First, the CA module is added to the base network YOLOv8s to increase the extraction of feature capability by increasing the mAP@50 by 0.6% and mAP@50-95 by 0.7%, but the parameter value is increased. Then for achieving the better feature fusion by overcoming the information loss, the BiFPN is added to the above improvement. Now, the model has YOLOv8s, CA module and BiFPN network, which gives the mAP@50 of 97.0% and mAP@50-95 of 76.7% with an increased parameter value of 51.8 M. The mAP@50 and mAP@50-95 are increased by 0.5% and 0.6% respectively. In the above experiment, the parameter value is increased more from the base model; in terms of reducing the parameter value, the SimSPPF is added to improvements, which increase the mAP value and decrease the parameter used in the above experiments. At last, the mAP@50 andmAP@50-95 are increased by 0.4%, and the parameter value is reduced by 16.6 M. Then, the proposed model achieved a mAP@50 and mAP@50-95 for the custom dataset are 97.4% and 77.2%, respectively and from the base model YOLOv8s, the proposed CBS-YOLOv8 model obtained better results with increased mAP@50 by 1.5% and map@50-95 by 1.7%. Precision and recall for all defective classes also increased by 2.8% and 3.2%, respectively.

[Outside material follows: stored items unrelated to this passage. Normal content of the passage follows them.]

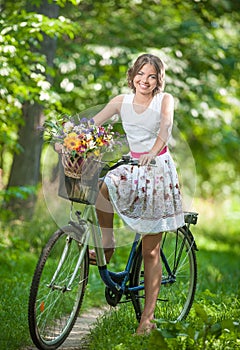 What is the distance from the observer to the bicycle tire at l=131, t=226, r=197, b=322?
4.56 metres

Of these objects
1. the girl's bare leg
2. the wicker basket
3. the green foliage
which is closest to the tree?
the green foliage

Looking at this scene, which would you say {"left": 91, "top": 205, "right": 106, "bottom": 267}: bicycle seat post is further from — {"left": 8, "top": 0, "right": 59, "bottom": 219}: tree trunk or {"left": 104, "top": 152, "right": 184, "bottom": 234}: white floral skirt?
{"left": 8, "top": 0, "right": 59, "bottom": 219}: tree trunk

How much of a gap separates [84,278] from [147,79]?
1.26 m

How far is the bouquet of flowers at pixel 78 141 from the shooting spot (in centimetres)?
396

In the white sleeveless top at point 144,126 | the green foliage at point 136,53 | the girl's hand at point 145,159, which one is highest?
the green foliage at point 136,53

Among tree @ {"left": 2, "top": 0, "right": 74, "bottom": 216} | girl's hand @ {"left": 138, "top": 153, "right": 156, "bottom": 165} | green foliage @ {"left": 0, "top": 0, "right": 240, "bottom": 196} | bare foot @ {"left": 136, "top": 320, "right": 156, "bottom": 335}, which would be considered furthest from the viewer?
green foliage @ {"left": 0, "top": 0, "right": 240, "bottom": 196}

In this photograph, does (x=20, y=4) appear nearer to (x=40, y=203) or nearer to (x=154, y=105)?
(x=40, y=203)

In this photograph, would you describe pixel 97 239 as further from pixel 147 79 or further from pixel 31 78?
pixel 31 78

To analyse the superiority and effectiveness of the CBS-YOLOv8 defect detection model on custom dataset, several experiments are conducted to compare the result of CSB-YOLOv8 with diverse models such as two stage detectors including Faster R-CNN33 and one stage detector-based methods, including SSD34, YOLOv5s, YOLOv7, YOLOv8n, YOLOv8s, YOLOv8m, YOLOv8l, YOLOv8x. The same environmental setup and model configuration are followed for all model comparisons. The comparison of diverse model results with the same dataset is shown in Tables 6 and 7. The detection accuracy of Faster R-CNN, SSD, YOLOv5s, YOLOv7, YOLOv8n, YOLOv8s, YOLOv8m, YOLOv8l, YOLOv8x are 89.3, 86.5, 96.6%, 96.0%, 95.4%, 95.9%, 96.2%, 96.2%, 96.8% respectively. The YOLOv5s achieved high detection accuracy compared to YOLOv8n and YOLOv8s, but the parameter used in YOLOv5s is relatively high to YOLOv8n and in YOLOv7 is high compared to both YOLOv8n and YOLOv8s. So, the YOLOv7 takes more computational time compared to YOLOv5s, YOLOv8n and YOLOv8s. Even though the inference speed of YOLOv7 is less compared to YOLOv5s, which has 50%, and YOLOv8s has a high inference speed of 76.92%. Then the detection accuracy is gradually increased from YOLOv8m to YOLOv8x by 0.6%, but the parameter used in YOLOv8m is 25.8 M, YOLOv8l is 43.6 M and YOLOv8x is 68.1 M leads to very high value. SSD has some missed detection, and Faster R-CNN does not suffer from missed detection but faces multiple bounding box issues. Finally, the CBS-YOLOv8 is proposed for achieving high detection accuracy, high inference speed and low parameter value.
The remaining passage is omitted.